No it's really not. And the threat of being knocked out in boxing doesn't make it special.
Get your breathing wrong in judo and you can also be knocked out, and have things broken
Get your breathing wrong in powerlifting and you pass out with 600 pounds on your back and can say goodbye to a healthy back.
Get it wrong in the track and it's the difference between finishing first and third.
Get it wrong in MMA and .... Get it wrong in wrestling and...
Get it wrong in... well you get the picture the more athletic endeavours you experience the more you realise it's all the same.
The new wave breath work in powerlifting and OL lifting is exactly the same as the Pilates community was doing a century ago
All place importance on breath work, it might be done slightly differently to get to the end point but all place importance on it.
It is interesting that there are different arts that require correct breathing but different methods. If I breathed like I did in BJJ in kickboxing I'd gas quickly.
Yep whilst the process can be different the end result, using the diaphragm, using the full capacity of the lungs, using the breath to slow the heart rate and increase endurance, using the breath to help core stability is pretty universal
The big difference in Tai Chi breathing I noticed right away is what you said, deep in the belly is where the focus is. Not quite used to thinking about it from the bottom up like that.
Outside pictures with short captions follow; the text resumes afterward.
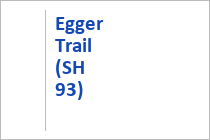 Egger Trail (SH 93) - Bikearea Saalbach-Hinterglemm - Salzburger Land
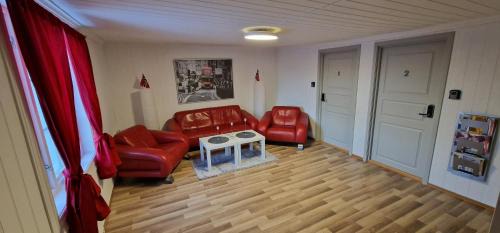 Lillehammer Apartamento | Storgata 36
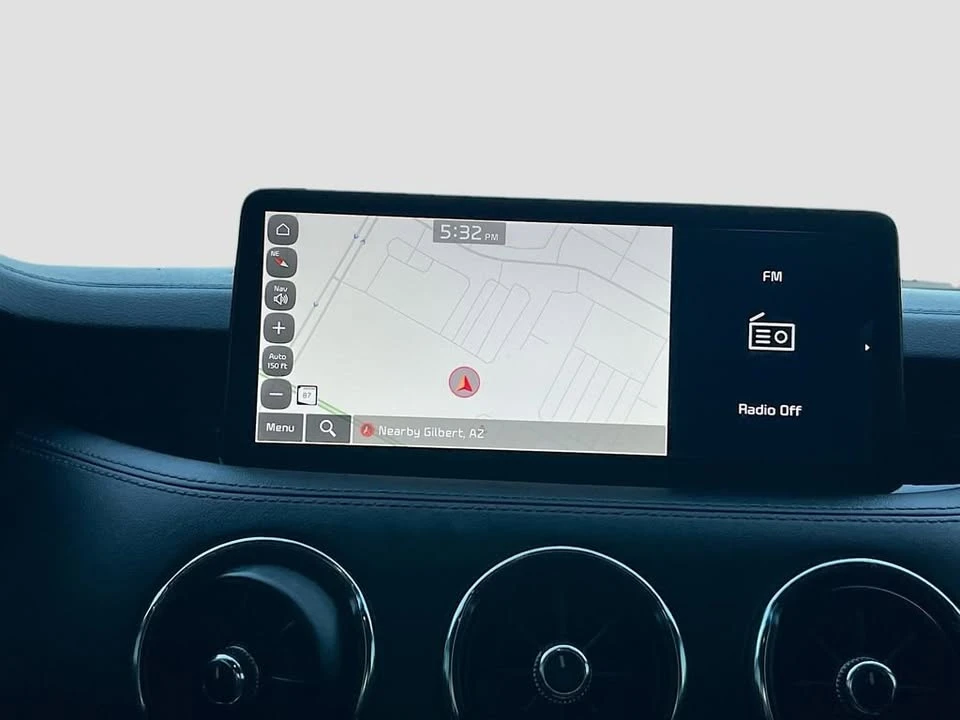 2023 Kia Stinger GT - Image 13 of 20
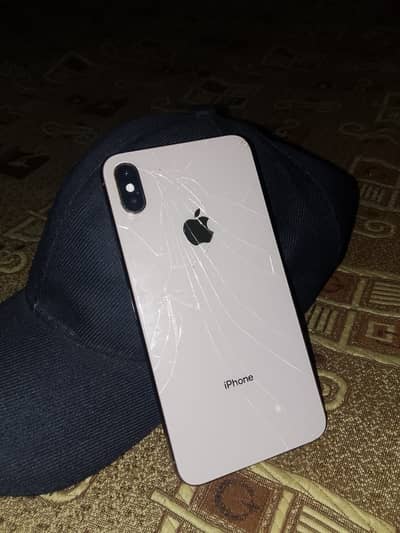 Apple iPhone XS Max
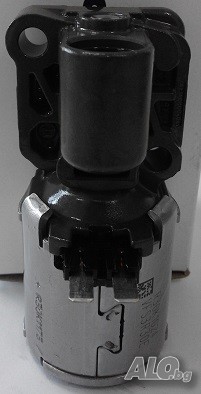 0B5 Соленоид s-tronic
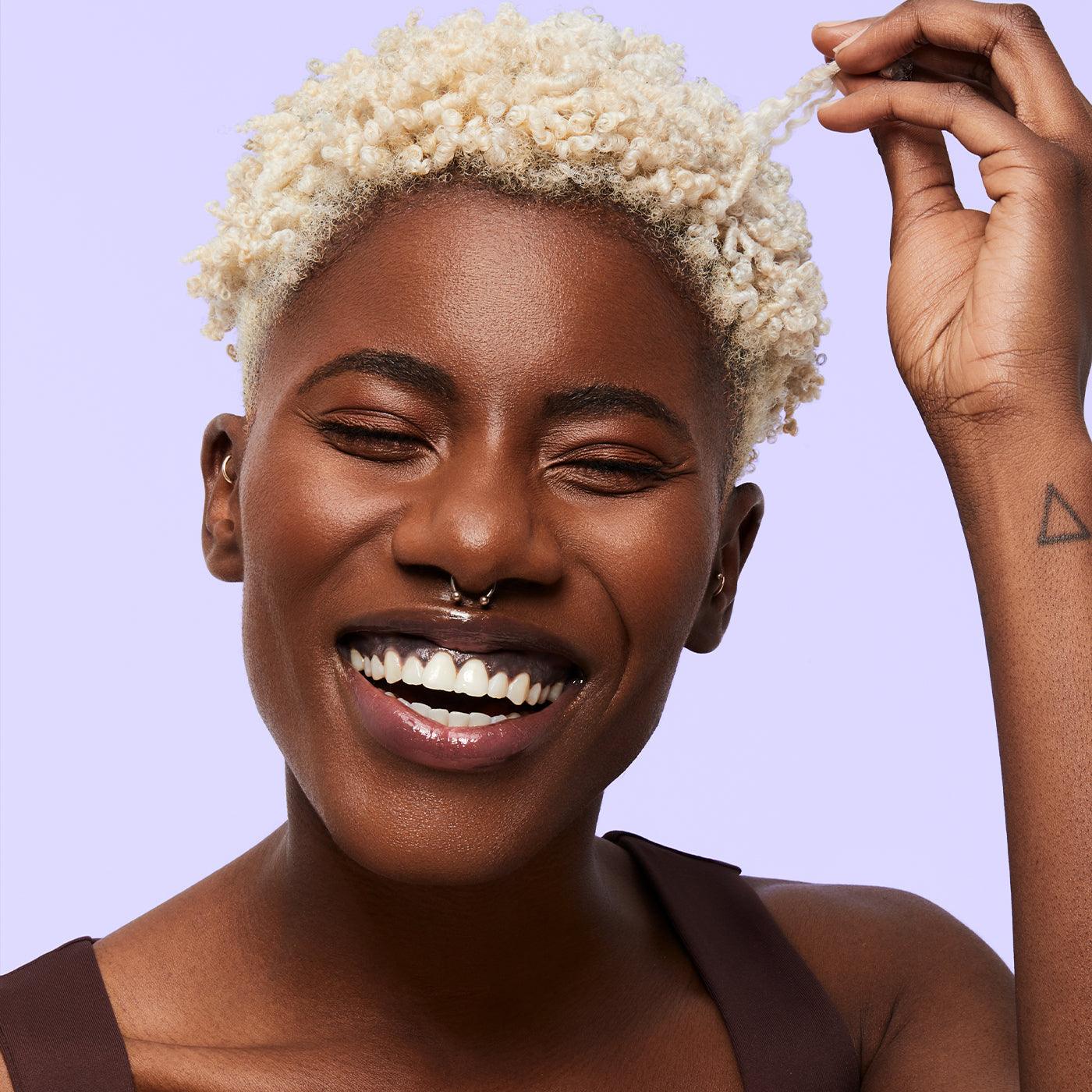 Intensive Care leave-in Conditioner Mini - Image 5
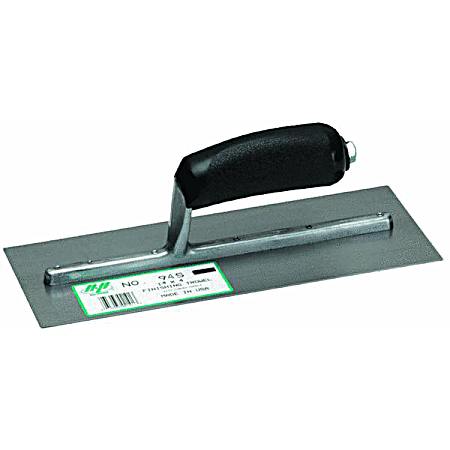 14 In. x 4 In. Finishing Trowel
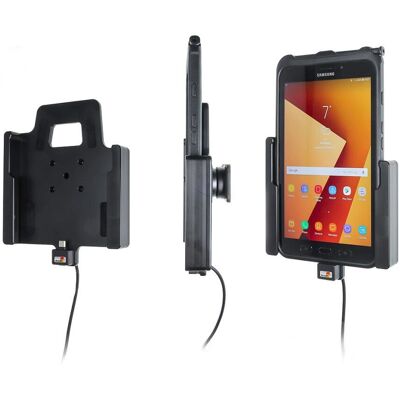 Brodit 721002 Halterung für Tablet/UMPC - Kompatibel mit Samsung Galaxy Tab Active Brodit 721002 Halterung für Tablet/UMPC - Kompatibel mit Samsung Galaxy Tab Active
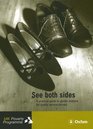 See Both Sides A Practical Guide to Gender Analysis for Quality Service Delivery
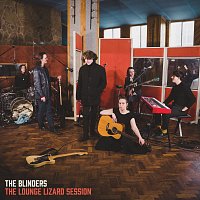 The Blinders – Circle Song [The Lounge Lizard Session]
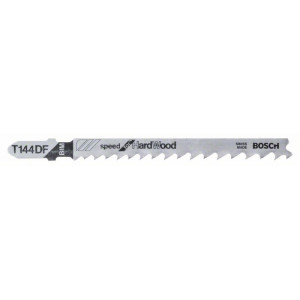 2608636222 Lame de scie sauteuse T 144 DF Accessoire Bosch pro outils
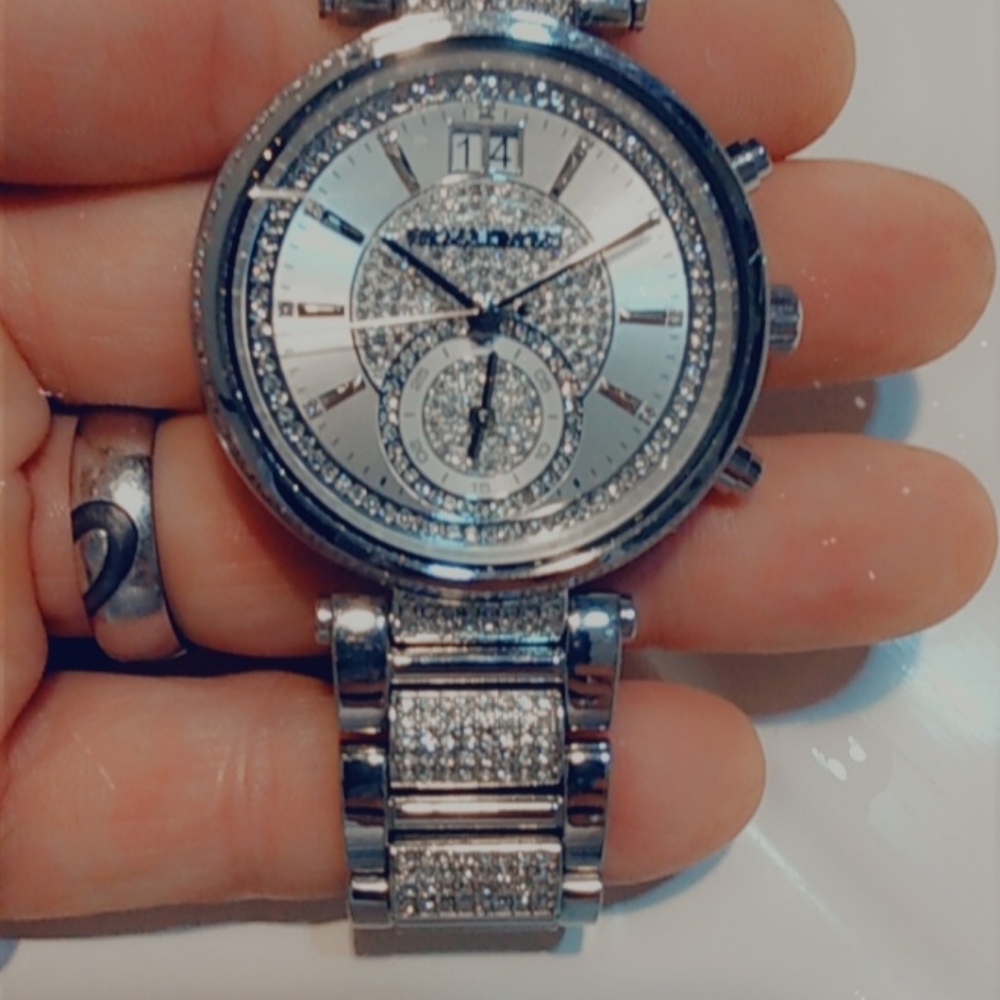 Micheal kors watch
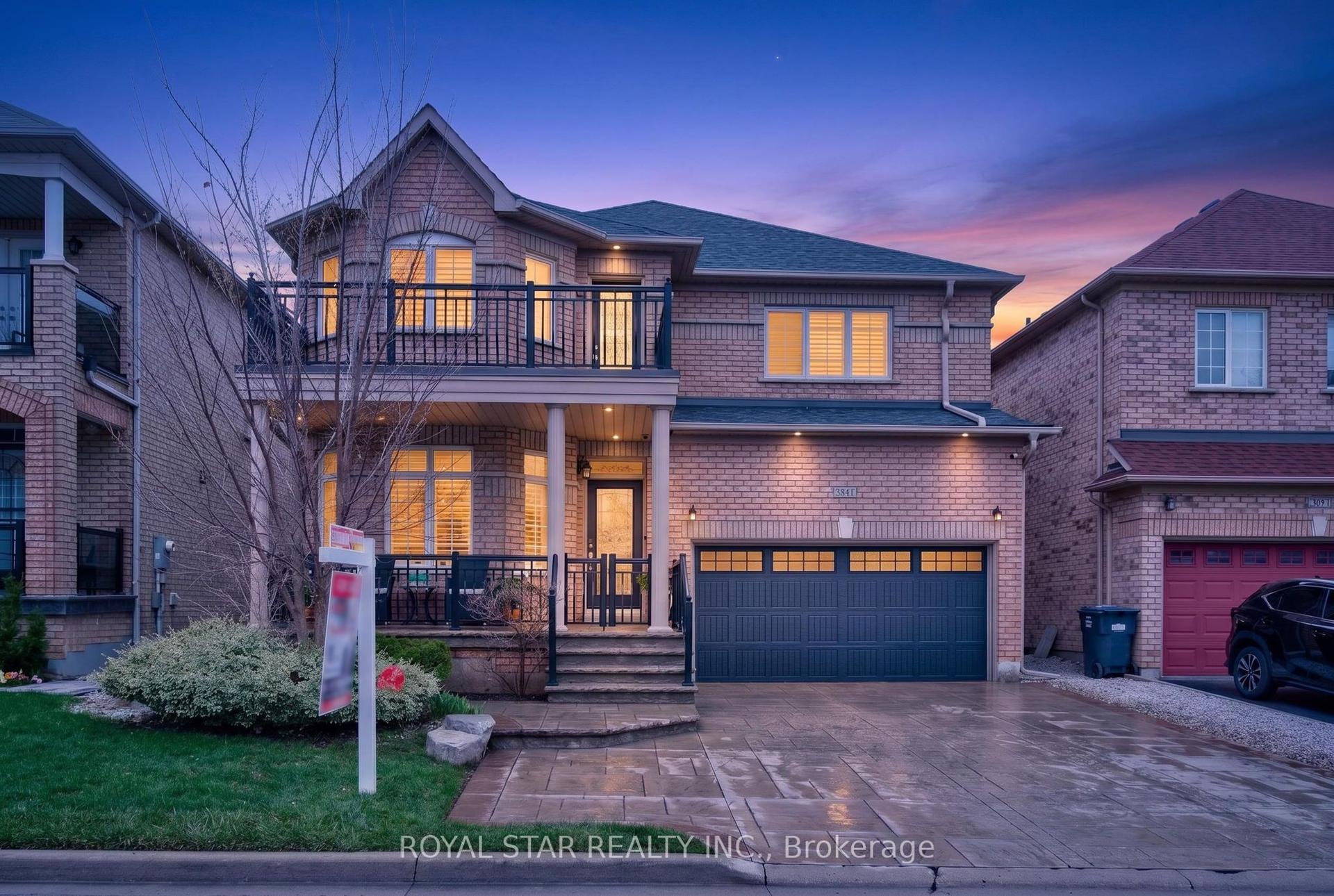 3841 Edgecliffe Run — photo 1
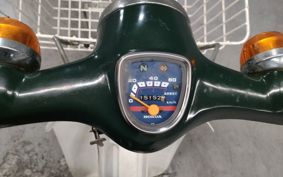 HONDA SUPER CUB50 C50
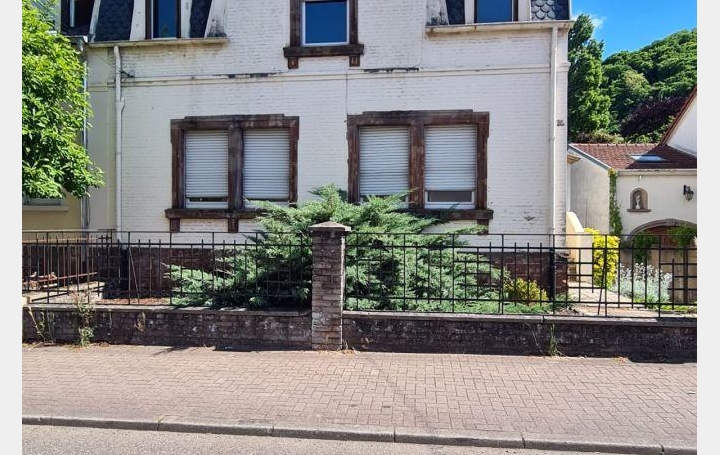 Maison FORBACH 127 m2 127 000 € Maison FORBACH 127 m2 127 000 €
My own experience with breathing can be summed up three ways, breathe slow (conserve endurance), breathe smart (know when to exhale/inhale and when not), and breathe safe (don't let your breathing become a vulnerability). I call that my Three B's for Breathing and it's served me pretty well.
With Tai Chi, what i think is interesting is I don't ever remember to much focus on the diaphragm as a central point boxing. In fact this is typically an area I would tighten up for obvious reasons. In the past it was all considered one end to end system (nose, mouse throat, lungs, core). My mind was typically focused on techniques and not so much how well I was breathing, just that I was not tired yet, etc. Interesting that just standing in some basic Tai Chi poses for just a few minutes I was sore, sweating a little, and really in tune with that sort of deep lung thing you mentioned.
All good, all gold.
Just don't forget your roadwork!
Have fun if you get to "reverse breathing" in T'ai Chi-although this is less likely to be encountered w/non martial TC people.
Separate names with a comma.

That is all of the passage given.